GetUserPasswordSize()[source]

Return type:: int
Returns:: Length of the current user password string. This has to be used when password is a non-ASCII string that may contain ‘’ bytes.

InitPassword(args)[source]

Overload 1:

The method can be called in GetAuthorizationData() callback to specify user supplied non-ASCII password.

Remarks: Deprecated. Use versions that accepts UString or buffer instead.

Overload 2:

This method can be called in GetAuthorizationData() callback to specify user supplied password.

Overload 3:

This method can be called in GetAuthorizationData() callback to specify user supplied password.

InitPasswordASCII(password)[source]

The method can be called in GetAuthorizationData() callback to specify user supplied ASCII password.

Remarks: Deprecated.
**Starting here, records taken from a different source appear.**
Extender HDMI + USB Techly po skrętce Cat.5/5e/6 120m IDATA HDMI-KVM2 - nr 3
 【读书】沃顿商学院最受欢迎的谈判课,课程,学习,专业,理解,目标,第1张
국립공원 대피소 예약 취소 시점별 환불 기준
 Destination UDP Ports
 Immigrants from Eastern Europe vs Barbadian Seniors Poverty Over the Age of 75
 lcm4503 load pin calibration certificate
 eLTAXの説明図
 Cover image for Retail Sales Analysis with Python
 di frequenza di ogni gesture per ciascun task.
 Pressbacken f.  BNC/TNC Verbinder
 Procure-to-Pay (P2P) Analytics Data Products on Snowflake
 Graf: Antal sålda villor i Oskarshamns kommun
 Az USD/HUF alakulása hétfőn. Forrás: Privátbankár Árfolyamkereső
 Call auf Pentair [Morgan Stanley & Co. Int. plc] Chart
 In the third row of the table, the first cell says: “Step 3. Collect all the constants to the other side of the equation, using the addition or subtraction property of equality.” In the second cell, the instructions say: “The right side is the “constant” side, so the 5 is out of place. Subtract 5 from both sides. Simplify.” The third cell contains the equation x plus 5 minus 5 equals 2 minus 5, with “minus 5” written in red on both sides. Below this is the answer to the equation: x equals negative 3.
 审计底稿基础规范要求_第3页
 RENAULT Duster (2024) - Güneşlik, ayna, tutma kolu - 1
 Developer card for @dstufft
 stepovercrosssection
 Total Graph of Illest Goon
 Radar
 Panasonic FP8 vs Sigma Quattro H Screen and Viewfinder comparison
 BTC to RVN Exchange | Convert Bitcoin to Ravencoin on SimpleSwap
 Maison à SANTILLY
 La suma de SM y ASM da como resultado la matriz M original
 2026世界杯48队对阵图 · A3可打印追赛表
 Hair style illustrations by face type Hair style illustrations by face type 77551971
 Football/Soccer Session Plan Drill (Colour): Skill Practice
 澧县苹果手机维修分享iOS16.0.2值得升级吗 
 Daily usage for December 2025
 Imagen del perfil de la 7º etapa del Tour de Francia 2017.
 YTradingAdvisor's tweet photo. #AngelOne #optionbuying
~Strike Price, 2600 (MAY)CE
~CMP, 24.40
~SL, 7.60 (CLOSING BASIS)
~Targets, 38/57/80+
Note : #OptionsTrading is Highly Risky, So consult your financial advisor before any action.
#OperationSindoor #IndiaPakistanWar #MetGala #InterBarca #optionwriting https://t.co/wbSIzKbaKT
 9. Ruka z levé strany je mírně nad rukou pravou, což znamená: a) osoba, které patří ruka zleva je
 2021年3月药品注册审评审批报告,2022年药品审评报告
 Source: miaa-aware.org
Use versions that accepts UString or buffer instead.

IsAES(args)[source]

Overload 1:

Return type:: boolean
Returns:: true is this security handler uses 128 bit AES (Advanced Encryption Standard) algorithm to encrypt strings or streams.

Overload 2:

The following function can be used to verify whether a given stream is encrypted using AES.

Return type:: boolean
Returns:: true if the given stream is encrypted using AES encryption.
Parameters:: stream (Obj) – A pointer to an SDF::Stream object

IsMasterPasswordRequired()[source]

Return type:: boolean
Returns:: true if the SecurityHandler requires a master (owner) password.

IsModified()[source]

Return type:

boolean

Returns:

true if the SecurityHandler was modified (by calling SetModified())

or false otherwise.

If the user changes SecurityHandler’s settings (e.g. by changing a password), IsModified() should return true.

IsRC4()[source]

Return type:: boolean
Returns:: true is this security handler uses RC4 algorithm to encrypt strings or streams.

IsUserPasswordRequired()[source]

Return type:: boolean
Returns:: true if the SecurityHandler requires a user password.

IsValid()[source]

Return type:

boolean

Returns:

true if the SecurityHandler is valid.

SetDerived(overloaded_funct)[source]

This method informs base security handler which methods are overridden in the derived class. The only place this method needs to be invoked is in Create(name, key_len, enc_code) static factory method in the derived class.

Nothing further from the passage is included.